Ve Asil Korsanlar Serisi'nin son kitabı Aşktan Kaçış da okundu ve bitti. Bir seriyi daha mutlu sonla bitirmenin mutluluğu ve huzuru ile yorumumu yazıyorum. 

Kendi kültürü olmamasına rağmen historical romansı çok güzel konu alan ve kurgulayan Jennifer Royce'un son yayınlanan kitabı Aşktan Kaçış, Asil Korsanlar serisinin 3. kitabıydı ve hep merak ettiğimiz Sean ve ele avuca sığmaz Beatrice'in kitabıydı. Ama resmen karakterlere yakışan bir kitap olmuştu. 

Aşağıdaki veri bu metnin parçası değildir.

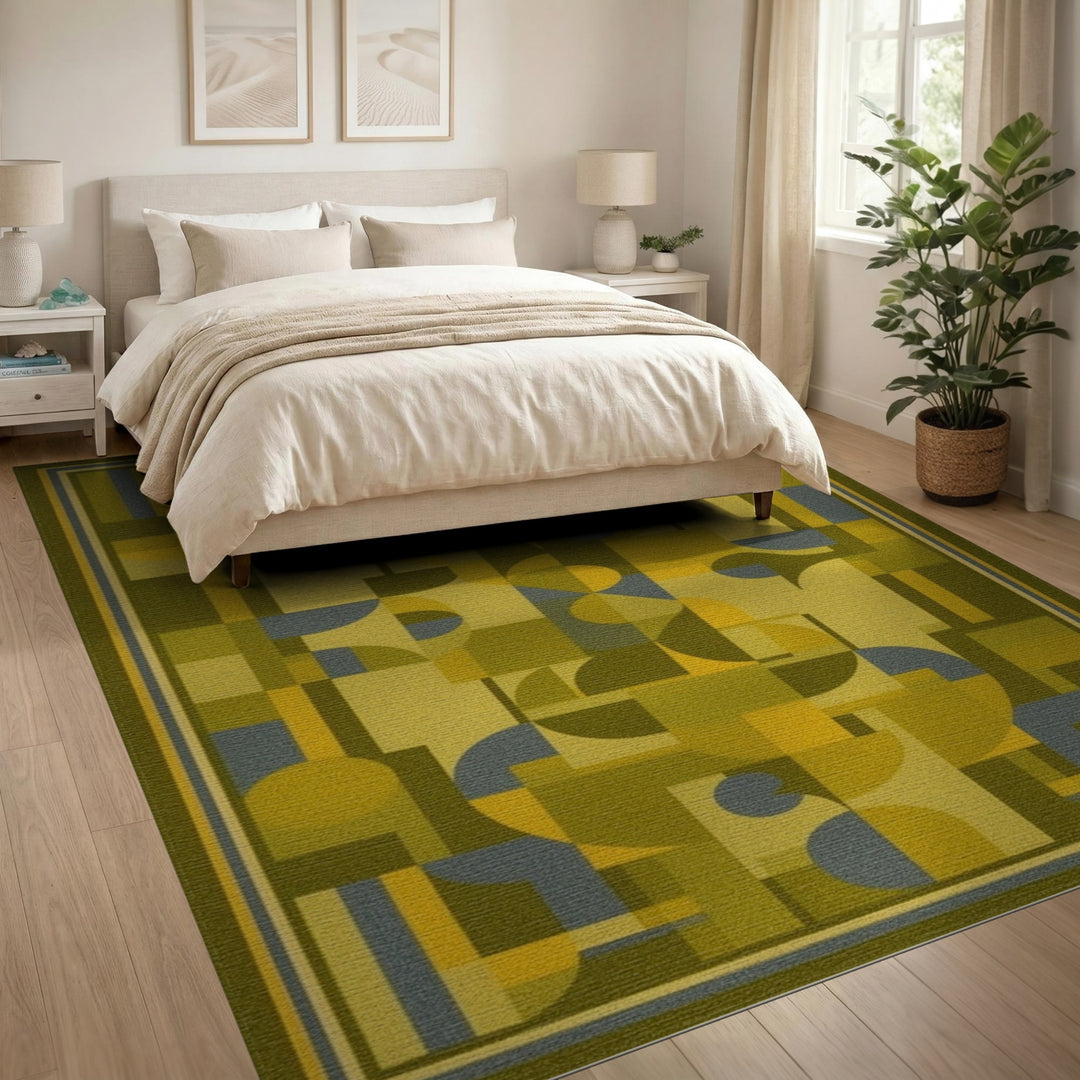 Green Geometric Area Rug
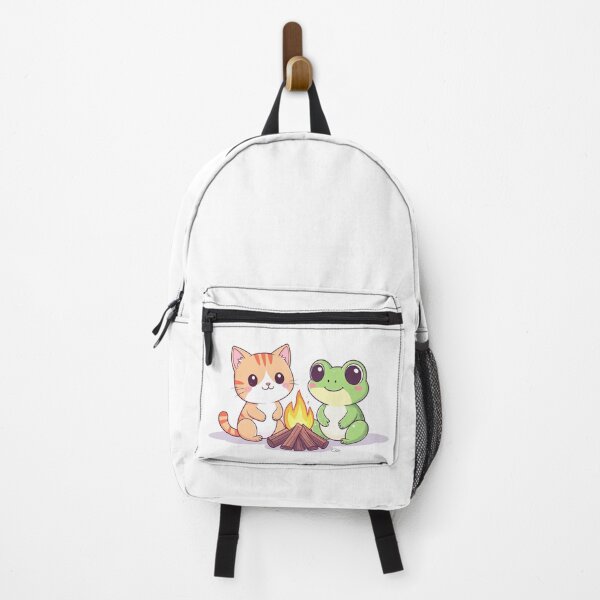 Item preview, Cozy Campfire Night with Cute Cat and Frog | Kawaii Animal Illustration designed and sold by sakharumoowan08.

Kitabın kısaca konusuna değinmek gerekirse; biliyorsanız yani ikinci kitabı Aşka Tutsak'ı okuduysanız sonunda Beatrice'in Sean'ın gemisine bindiğine dair bir bölüm vardı. İşte bu kitapta tam olarak o şekilde başlıyor. Beatrice, Sean'ın gizemli konuşmasına kulak misafiri oluyor ve bunun üzerine merakı onu yönlendirerek Sean'ı takip ediyor. Sean'ın gemisine binerek genç adamın neyin peşinde olduğunu öğrenmeyi planlarken geminin hareket etmesi ve Beatrice'in gemide mahsur kalması bütün olay zincirini başlatan nokta oluyor.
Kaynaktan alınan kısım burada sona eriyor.